# Rigid Rotator in an Electric Field

• Diracobama2181
In summary, the selection rules for angular momentum and parity dictate which eigenstates will give a non-zero matrix element for $<f|E_0d_z|0>$, and the integral should converge as long as $\tau$ is finite.

#### Diracobama2181

Homework Statement
Consider a rigid rotator (i.e. a bar shaped system of fixed separation) of moment of inertia I about an axis through its center perpendicular to the direction of the bar, with Hamiltonian $$H_0 = \frac{L_2}{2I} and electric dipole moment d. Suppose that while it is in its ground state it is subjected to a perturbation V (t) = −d · E(t) due to a time-dependent external electric field$$E(t) = zˆE0e^{t/τ}$$which points in the z-direction and which is switched on at time t = 0. Here E0 is a time-independent constant. Determine to which of its excited states the rotator can make transitions in lowest order in V (t) , and calculate the transition probabilities for finding the rotator in each of these states at time t → ∞. Relevant Equations$$d_f=\frac{i}{\hbar}\int_{0}^{T'} e^{iw_{fi}t}v_{ni} dx$$Since E_i=0 for the ground state, and$$E_f=\frac{(\hbar)^2l(l+1)}{2I}$$,$$w_{fi}=\frac{E_f-E_i}{\hbar}=\frac{(\hbar)l(l+1)}{2I}$$. So,$$d_f(\infty)=\frac{i}{\hbar}\int_{-\infty}^{\infty}<f|E_od_z|0>e^{\frac{i\hbar l(l+1)t}{2I}+\frac{t}{\tau}}dt$$My question is in regards to$$<f|E_0d_z|0>$$. Does d_z have parity? Also, how can I apply the selection rules to determine which eigenstates (ie, spherical harmonics) will not give$$<f|E_0d_z|0>=0? Also, is my integral set up correctly, because it seems like it would diverge.

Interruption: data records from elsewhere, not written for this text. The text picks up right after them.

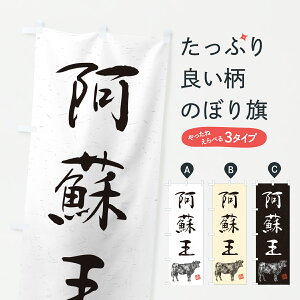 y|Xg 360z ̂ڂ hEaEuhEnÊڂ YJ08 uh ObYv ył܂+1017~z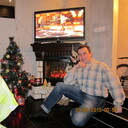  ,   , 50 ,   ,   , c , 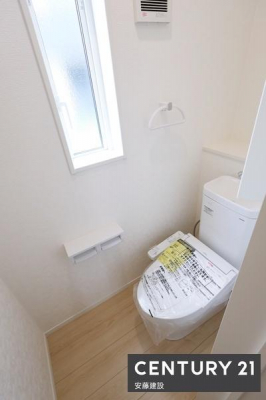 �g�C���@�y�@�g�C���@/�@toilet�@�z
���邭�����I�ȃE�H�V�����b�g�t���g�C��
��������f�������C�ł��܂�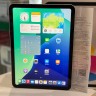 Apple iPad (10-Го Поколения) (2022)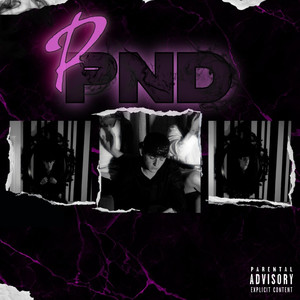 2AM Texts (Explicit)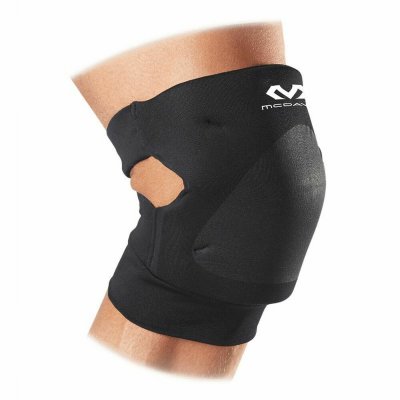 Knäskydd McDavid Volleyball (Renoverade A)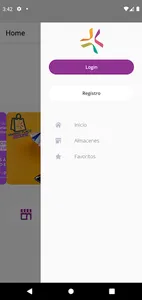 Titán Plaza screenshot 7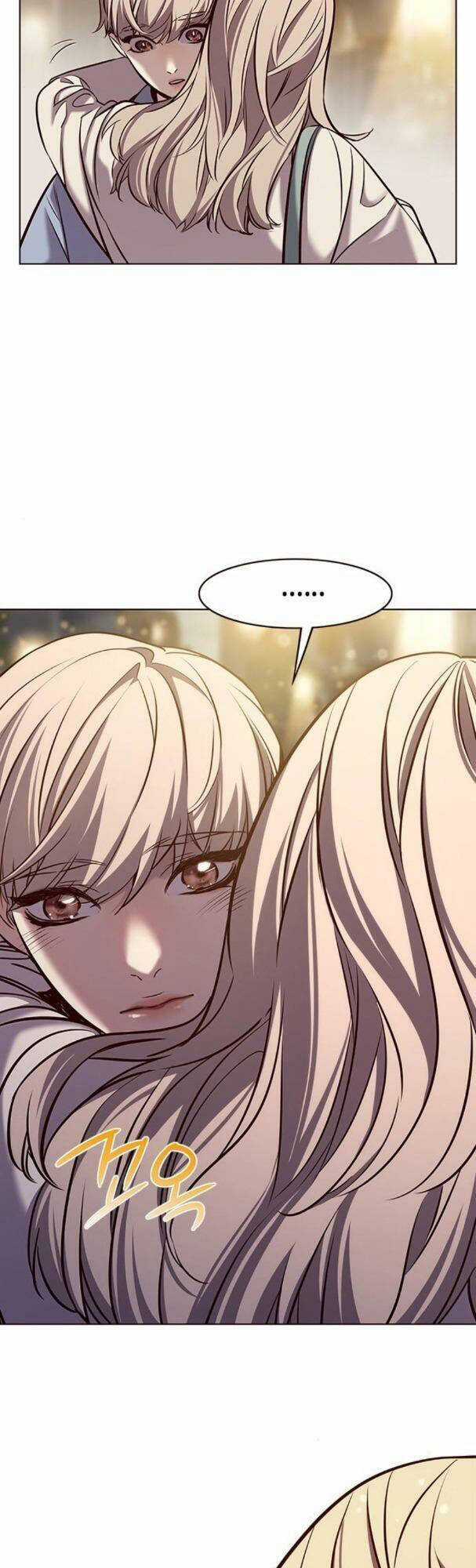 Biến Thân Thành Mèo - Chapter 178 - Trang 48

Yes, the operator $d_z$ has parity. The selection rules that apply are those of angular momentum and parity. In particular, since $d_z$ is an odd parity operator, only transitions between states with different parities will give a non-zero matrix element. This means that for $<f|E_0d_z|0>$, the final state must have different parity from the initial state. The integral is set up correctly, however it is important to note that for the exponential term in the integral, $l(l+1)$ must be an integer, as it is the angular momentum quantum number. Thus, the terms that will be non-zero are those with $l=0$ or $l=2$. The integral itself should converge as long as $\tau$ is finite.

## 1. What is a rigid rotator in an electric field?

A rigid rotator in an electric field is a physical system in which a particle is confined to a specific region and is subject to both rotational and electric forces. It is used to study the behavior of molecules in an electric field, such as diatomic molecules.

## 2. How is the motion of a rigid rotator affected by an electric field?

The motion of a rigid rotator is affected by an electric field through the torque exerted on the particle. This torque causes the particle to rotate and align with the direction of the electric field.

## 3. What is the equation for the energy of a rigid rotator in an electric field?

The energy of a rigid rotator in an electric field can be calculated using the equation E = (J(J+1)ℏ²/2I) - μE, where J is the quantum number, ℏ is the reduced Planck's constant, I is the moment of inertia, μ is the dipole moment, and E is the electric field strength.

## 4. How does the energy of a rigid rotator change with increasing electric field strength?

The energy of a rigid rotator increases with increasing electric field strength. This is because the electric field creates a torque on the particle, causing it to rotate and align with the field. As the field strength increases, the torque and thus the rotational energy also increase.

## 5. What is the significance of studying a rigid rotator in an electric field?

Studying a rigid rotator in an electric field allows us to understand the behavior of molecules in an electric field, which has important applications in fields such as chemistry and materials science. It also helps us to better understand the fundamental principles of rotational motion and the interaction between electric fields and particles.